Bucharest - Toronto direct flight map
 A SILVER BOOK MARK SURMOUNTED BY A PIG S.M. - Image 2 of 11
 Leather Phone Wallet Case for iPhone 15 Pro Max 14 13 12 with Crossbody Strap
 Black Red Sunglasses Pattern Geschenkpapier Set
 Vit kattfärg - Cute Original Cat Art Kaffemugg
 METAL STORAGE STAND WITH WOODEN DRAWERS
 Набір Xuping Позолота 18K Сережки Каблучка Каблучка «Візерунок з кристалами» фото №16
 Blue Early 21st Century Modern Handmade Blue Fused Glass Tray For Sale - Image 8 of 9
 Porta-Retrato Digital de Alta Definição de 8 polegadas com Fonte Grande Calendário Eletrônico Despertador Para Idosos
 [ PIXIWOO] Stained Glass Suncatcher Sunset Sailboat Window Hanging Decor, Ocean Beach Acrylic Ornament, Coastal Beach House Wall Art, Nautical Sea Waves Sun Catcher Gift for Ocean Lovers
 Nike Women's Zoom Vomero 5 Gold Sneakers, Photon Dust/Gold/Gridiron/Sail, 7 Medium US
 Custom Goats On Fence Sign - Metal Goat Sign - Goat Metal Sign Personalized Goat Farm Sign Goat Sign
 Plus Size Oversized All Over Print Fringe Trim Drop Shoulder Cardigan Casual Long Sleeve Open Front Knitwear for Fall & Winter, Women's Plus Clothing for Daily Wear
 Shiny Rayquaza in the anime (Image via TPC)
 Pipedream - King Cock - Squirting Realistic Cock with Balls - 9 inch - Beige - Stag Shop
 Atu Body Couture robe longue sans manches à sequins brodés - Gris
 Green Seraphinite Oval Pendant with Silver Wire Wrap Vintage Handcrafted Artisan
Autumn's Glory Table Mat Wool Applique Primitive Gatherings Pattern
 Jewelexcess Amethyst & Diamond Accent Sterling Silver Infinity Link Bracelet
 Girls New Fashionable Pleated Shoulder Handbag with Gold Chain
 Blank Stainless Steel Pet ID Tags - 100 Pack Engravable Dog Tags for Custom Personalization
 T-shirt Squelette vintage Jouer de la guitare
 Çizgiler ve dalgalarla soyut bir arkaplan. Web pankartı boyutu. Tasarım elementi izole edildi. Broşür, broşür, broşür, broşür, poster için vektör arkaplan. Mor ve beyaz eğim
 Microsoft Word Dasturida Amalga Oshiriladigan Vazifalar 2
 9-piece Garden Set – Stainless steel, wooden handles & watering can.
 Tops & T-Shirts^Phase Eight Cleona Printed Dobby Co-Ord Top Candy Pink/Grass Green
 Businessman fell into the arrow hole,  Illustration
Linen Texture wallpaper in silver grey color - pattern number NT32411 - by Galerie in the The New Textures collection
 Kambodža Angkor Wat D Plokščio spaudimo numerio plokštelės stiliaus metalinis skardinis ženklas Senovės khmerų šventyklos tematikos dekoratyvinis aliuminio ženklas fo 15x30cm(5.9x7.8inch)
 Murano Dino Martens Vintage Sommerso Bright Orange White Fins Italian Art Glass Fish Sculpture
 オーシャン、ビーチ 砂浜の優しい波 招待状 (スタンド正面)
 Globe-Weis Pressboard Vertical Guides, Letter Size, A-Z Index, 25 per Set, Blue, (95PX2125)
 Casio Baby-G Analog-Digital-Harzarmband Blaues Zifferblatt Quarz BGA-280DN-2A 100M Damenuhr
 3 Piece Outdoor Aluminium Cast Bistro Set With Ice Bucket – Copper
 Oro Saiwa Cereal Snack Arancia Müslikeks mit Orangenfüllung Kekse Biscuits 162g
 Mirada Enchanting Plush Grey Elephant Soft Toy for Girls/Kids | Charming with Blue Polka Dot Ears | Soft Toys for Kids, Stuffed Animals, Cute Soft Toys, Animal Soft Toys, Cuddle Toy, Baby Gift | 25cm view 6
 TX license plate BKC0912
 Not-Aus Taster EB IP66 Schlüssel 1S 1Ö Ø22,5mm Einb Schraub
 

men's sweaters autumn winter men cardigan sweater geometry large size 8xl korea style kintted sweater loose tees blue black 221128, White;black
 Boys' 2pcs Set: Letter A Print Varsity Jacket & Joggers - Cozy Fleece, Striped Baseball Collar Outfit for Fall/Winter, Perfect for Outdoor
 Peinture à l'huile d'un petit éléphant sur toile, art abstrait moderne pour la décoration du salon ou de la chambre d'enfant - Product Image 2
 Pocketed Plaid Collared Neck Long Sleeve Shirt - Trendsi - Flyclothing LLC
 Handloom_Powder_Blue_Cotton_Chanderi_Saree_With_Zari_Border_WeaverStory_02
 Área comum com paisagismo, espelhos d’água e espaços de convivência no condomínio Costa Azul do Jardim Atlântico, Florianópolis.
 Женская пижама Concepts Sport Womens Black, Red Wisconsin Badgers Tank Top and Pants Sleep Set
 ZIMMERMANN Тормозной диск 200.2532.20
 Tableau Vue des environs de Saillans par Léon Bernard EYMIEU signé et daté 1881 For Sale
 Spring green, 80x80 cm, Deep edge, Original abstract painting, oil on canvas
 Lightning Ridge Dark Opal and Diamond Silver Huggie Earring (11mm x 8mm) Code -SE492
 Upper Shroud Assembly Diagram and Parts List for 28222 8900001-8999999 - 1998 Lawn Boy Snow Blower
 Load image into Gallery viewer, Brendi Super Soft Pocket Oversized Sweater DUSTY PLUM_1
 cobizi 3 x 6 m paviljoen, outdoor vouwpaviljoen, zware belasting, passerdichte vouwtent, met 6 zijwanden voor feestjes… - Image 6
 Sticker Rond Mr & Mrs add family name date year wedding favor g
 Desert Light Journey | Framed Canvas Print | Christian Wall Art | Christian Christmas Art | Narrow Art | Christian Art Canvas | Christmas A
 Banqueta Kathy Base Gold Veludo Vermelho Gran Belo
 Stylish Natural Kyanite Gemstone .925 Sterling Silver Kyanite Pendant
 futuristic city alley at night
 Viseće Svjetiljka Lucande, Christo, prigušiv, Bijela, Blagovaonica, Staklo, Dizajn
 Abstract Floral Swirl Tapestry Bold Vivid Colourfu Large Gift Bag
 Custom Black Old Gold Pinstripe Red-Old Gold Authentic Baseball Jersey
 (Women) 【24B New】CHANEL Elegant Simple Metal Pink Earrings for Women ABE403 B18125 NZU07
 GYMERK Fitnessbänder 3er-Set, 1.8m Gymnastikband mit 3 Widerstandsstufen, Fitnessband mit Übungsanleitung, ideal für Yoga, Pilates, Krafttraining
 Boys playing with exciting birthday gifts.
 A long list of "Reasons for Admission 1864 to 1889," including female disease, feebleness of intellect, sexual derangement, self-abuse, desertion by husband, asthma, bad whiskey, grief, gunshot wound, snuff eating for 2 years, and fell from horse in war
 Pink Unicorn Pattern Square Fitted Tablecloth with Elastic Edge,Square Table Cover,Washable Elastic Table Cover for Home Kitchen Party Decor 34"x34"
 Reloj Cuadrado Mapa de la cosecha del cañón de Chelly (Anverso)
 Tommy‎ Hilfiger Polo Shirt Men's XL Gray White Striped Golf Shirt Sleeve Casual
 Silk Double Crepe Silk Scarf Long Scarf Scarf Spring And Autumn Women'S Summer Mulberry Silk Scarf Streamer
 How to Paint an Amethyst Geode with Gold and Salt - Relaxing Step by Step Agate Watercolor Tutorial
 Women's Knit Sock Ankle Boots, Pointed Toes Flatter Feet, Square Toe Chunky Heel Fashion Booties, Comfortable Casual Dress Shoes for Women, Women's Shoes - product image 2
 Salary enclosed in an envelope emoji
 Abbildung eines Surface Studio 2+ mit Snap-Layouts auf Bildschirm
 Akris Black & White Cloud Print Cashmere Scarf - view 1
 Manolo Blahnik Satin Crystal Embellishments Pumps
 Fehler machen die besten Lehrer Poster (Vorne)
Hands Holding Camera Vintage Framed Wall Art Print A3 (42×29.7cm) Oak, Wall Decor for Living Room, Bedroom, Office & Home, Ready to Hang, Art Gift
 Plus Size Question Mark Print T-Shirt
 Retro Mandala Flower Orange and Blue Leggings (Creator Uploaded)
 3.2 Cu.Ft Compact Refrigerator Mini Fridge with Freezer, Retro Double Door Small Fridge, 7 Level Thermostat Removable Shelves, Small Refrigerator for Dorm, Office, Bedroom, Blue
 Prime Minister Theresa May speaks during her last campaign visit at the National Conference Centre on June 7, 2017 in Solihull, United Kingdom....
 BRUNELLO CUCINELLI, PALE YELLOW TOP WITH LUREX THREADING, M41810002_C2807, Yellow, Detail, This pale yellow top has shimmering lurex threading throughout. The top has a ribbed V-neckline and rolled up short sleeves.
◇ ◇ ◇ ◇
PROBLEM TO WORK ON:
Everything from the first line of the material through the line containing "METAL STORAGE STAND WITH WOODEN DRAWERS" is to be printed exactly; lines after that are to be left out.

SOLUTION TO THIS TASK:
Bucharest - Toronto direct flight map
 A SILVER BOOK MARK SURMOUNTED BY A PIG S.M. - Image 2 of 11
 Leather Phone Wallet Case for iPhone 15 Pro Max 14 13 12 with Crossbody Strap
 Black Red Sunglasses Pattern Geschenkpapier Set
 Vit kattfärg - Cute Original Cat Art Kaffemugg
 METAL STORAGE STAND WITH WOODEN DRAWERS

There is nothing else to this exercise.